Between March 2021 and April 2022, in collaboration with Two°Creative, we invited designers to redesign the confusing Green Dot symbol to better represent its original meaning. Continuing on from this open brief, The Change We Need is an interview series exploring the design industry’s role in the fight against climate change. For part six, we spoke to Joshua Ogden, the Founder and Creative Director of London-based creative agency Justified Studio.

EM Can you tell us about Justified Studio and your role there?

JO Justified Studio exists to use the power of strategy, brand design and digital to support organisations to keep progressing, developing and evolving to make a positive impact. My role as Creative Director is to make sure the strategic opportunities are realised through visual executions and digital/physical touchpoints.

EM As a creative, do you think you have a role in the fight against climate change, and if so, what is that role?

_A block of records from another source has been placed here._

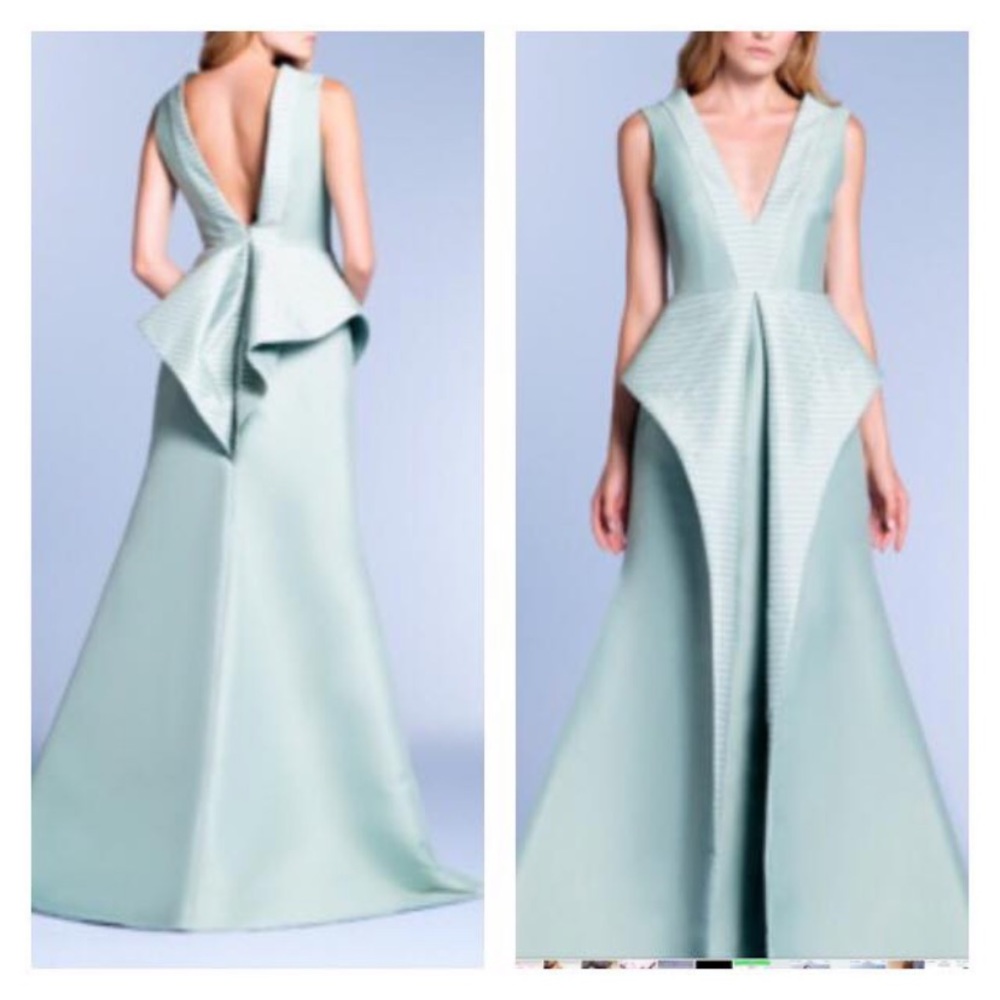 Evening dress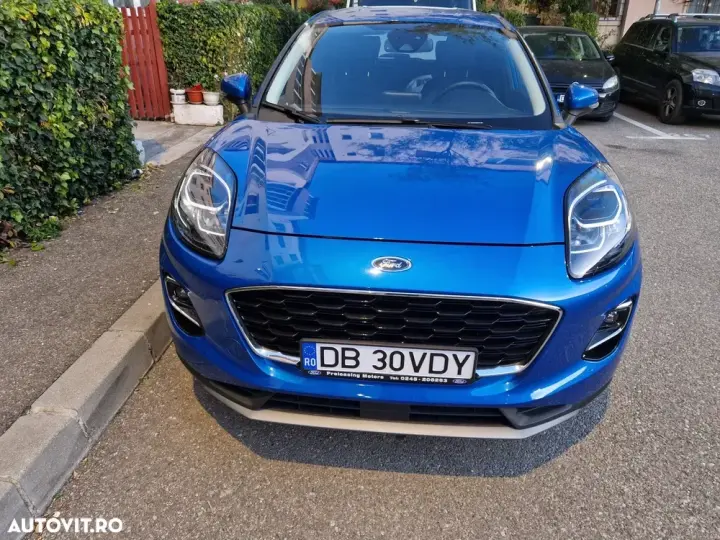 Ford Puma II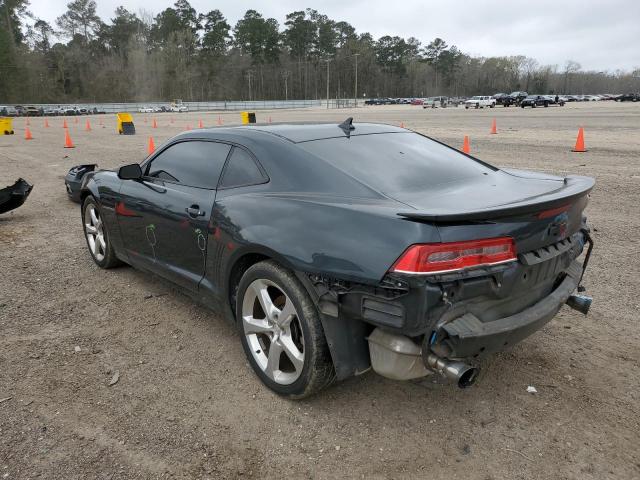 Photo 2 from auction – 2014 CHEVROLET CAMARO LT with VIN 2G1FC1E31E9143944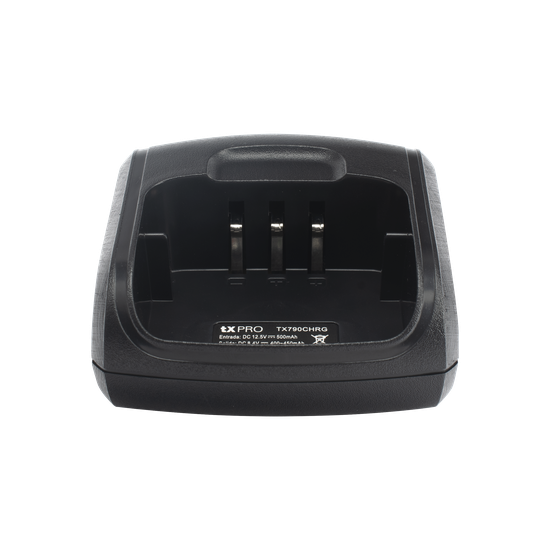 Cargador de Escritorio / Carga Múltiple / Baterías LB90L / Indicadores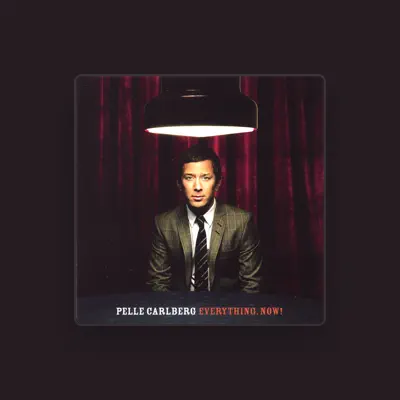 Listen to Pelle Carlberg, watch music videos, read bio, see tour dates & more!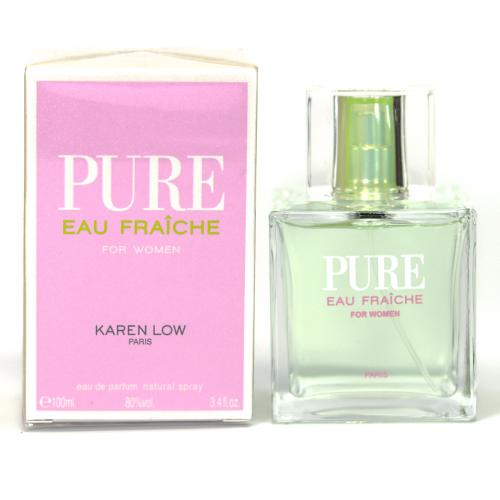 Pure best sale eau fraiche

JO In 2022, we believe the future is very much already here. There is no denying that we are going through a paradigm shift and the climate crisis is at the forefront. Businesses, organisations, institutions and human beings must drastically rethink the way they operate, not only to become more ‘sustainable’ but to drive products and services with purpose and impact.

The main questions we ask as a studio are: What role will creativity play in this process? What creative campaigns could become useful tools to help inspire change? How can we drive products and services with purpose and impact? 

At Justified, we are aware that the creativity underpinning our work (brand design and advertising) has the potential to be an incredible tool in the coming decade. Brand design and advertising, by their very nature, seek to change perception on a given topic; to entice audiences to purchase/buy into products, drumming up love for a brand or humanising organisations. 

In short, the work we create as designers has the power to persuade and become a driving catalyst for action and change.

Make it immediate and make it sexy.

EM Can you give us an example from your practice in which climate considerations impacted or changed a project?

JO When we were approached to rebrand Sweden’s biggest solar company SVEA Solar, there was a very interesting challenge to try to solve. To begin the death of ‘Stock Sustainability.’

The current visual language of green energy companies, sustainability and most environmental movements is built on the cliché of ‘Stock Sustainability,’ a saturated visual language highlighting solar panels, wind farms, roofs, earthy products and of course the colour green. All of these codes do not communicate the urgency to act. 

It is a disastrous problem tbh… however, entirely solvable. It is about looking at sectors that have managed to bridge communication codes to make products desirable. So, if the task is to make more people switch to green energy, do what Apple do. Make it tech. Make it immediate and make it sexy. Which is the approach we took to SVEA Solar.

Justified Studio’s Joshua Ogden on climate change’s branding problem and how creatives can fix it

XR treated their first year of inception as a creative brief.

EM When did you first start being environmentally conscious in relation to your work?

JO It happened when I was living in Paris in 2018 and was travelling back home to the UK when London was all but shut down by a non-violent yet disruptive movement; Extinction Rebellion, also known as XR. At the time, I had no immediate connection to the climate narrative, but it didn’t take long until I was engaging with the XR manifesto and trying to wrap my head around it.

The part that I found impressive was how well XR in 2018 understood their audience and the tools required to connect to that audience, and they understood who to work with to ensure the message had the most significant possible reach. 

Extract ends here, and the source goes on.